Set down, unchanged, the line holding "My Melody Faltbare Einkaufstasche - SANRIO" and all lines that follow it to the end of the material, leaving pictures out.

Provided material —
-- Opening Marker --

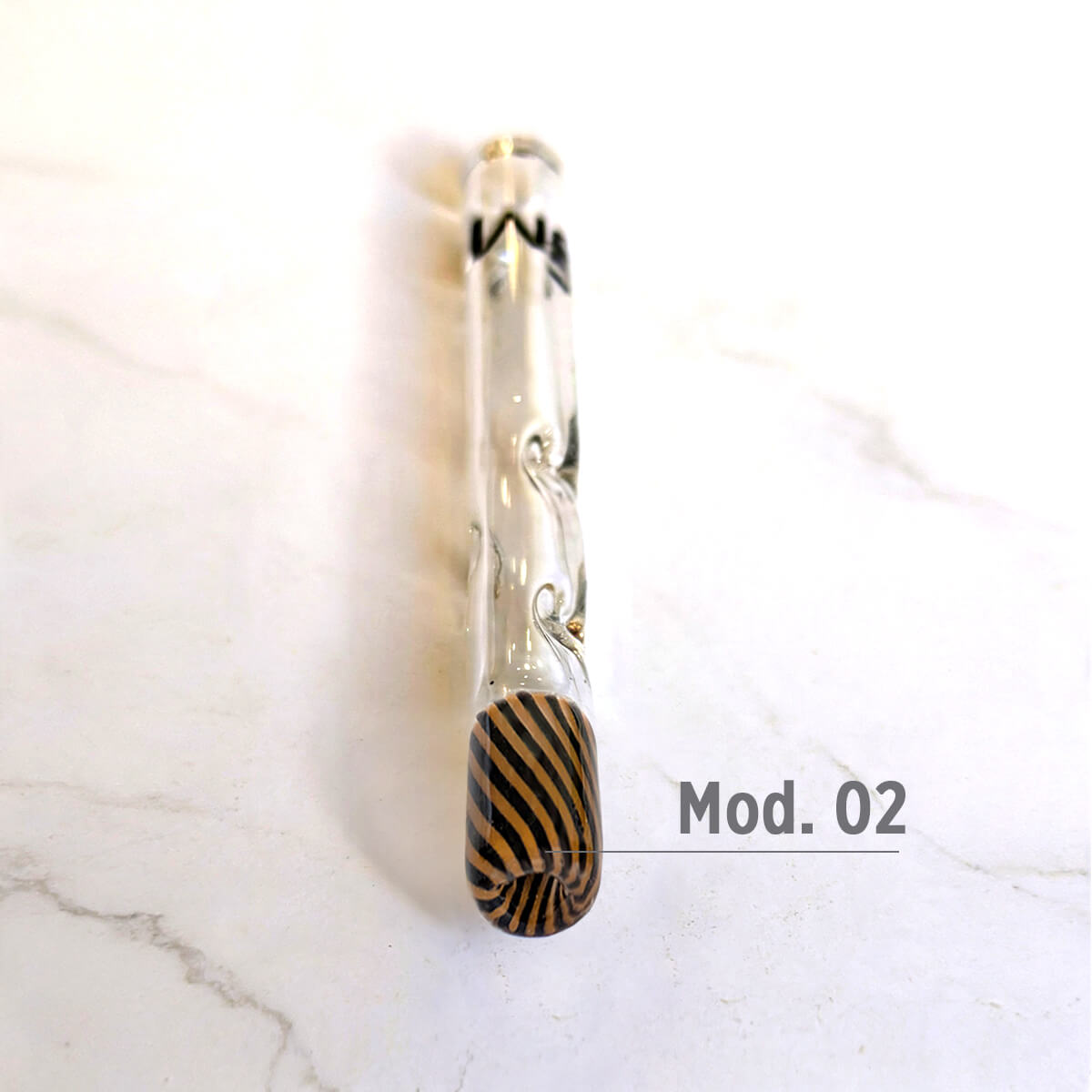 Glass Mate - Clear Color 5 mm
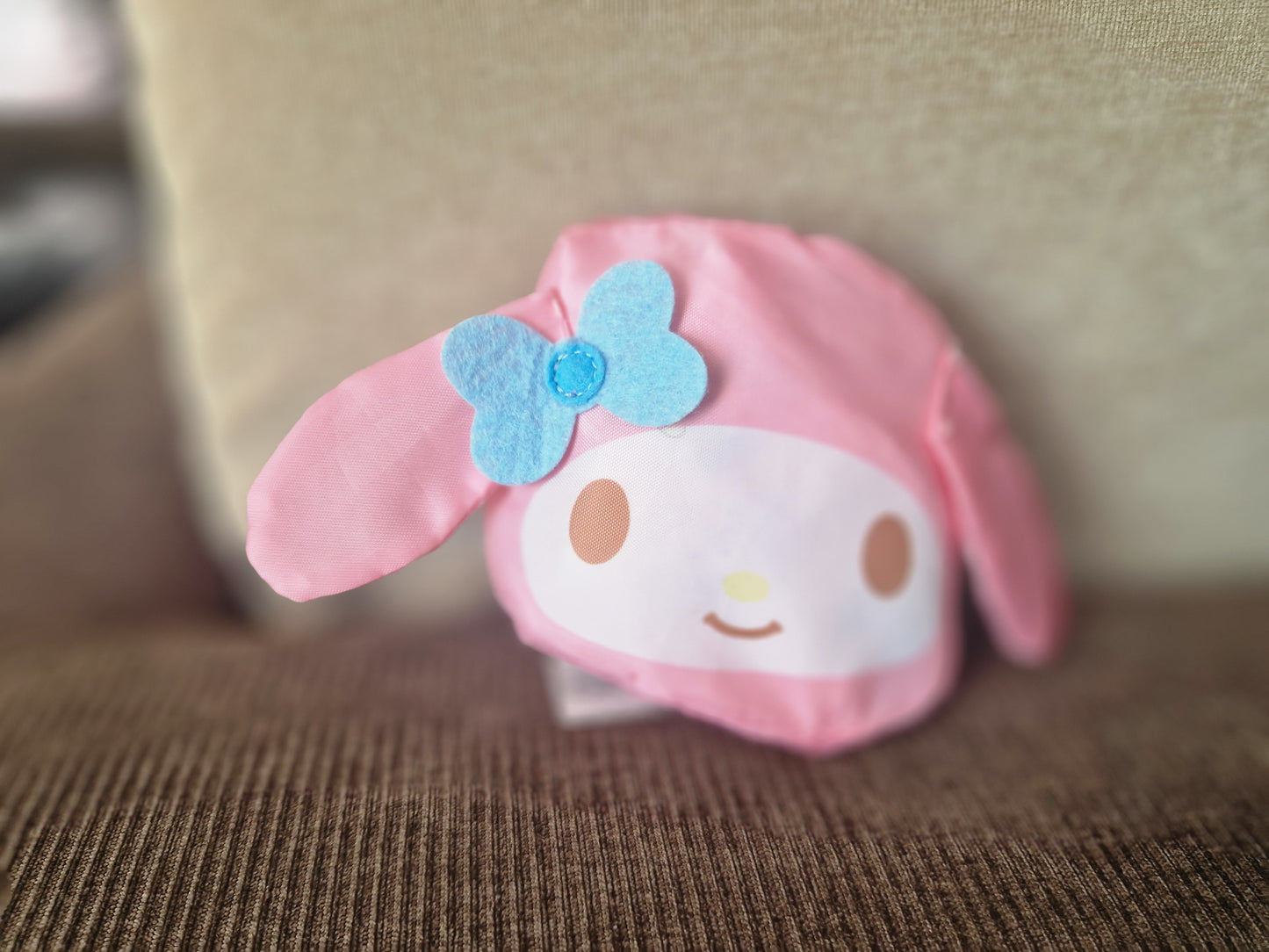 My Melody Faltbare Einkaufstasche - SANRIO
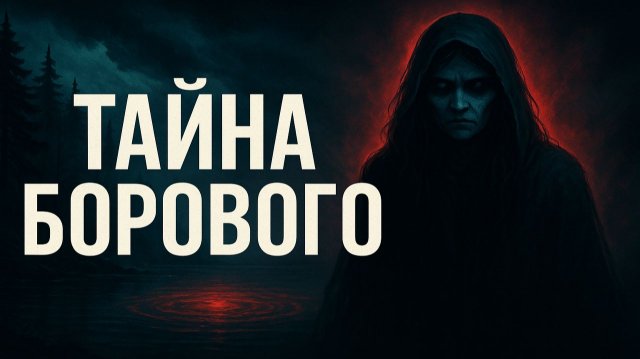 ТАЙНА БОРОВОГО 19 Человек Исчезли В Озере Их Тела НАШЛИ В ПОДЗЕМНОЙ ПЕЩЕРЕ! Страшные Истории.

-- Closing Marker --

Response area —
 My Melody Faltbare Einkaufstasche - SANRIO
 ТАЙНА БОРОВОГО 19 Человек Исчезли В Озере Их Тела НАШЛИ В ПОДЗЕМНОЙ ПЕЩЕРЕ! Страшные Истории.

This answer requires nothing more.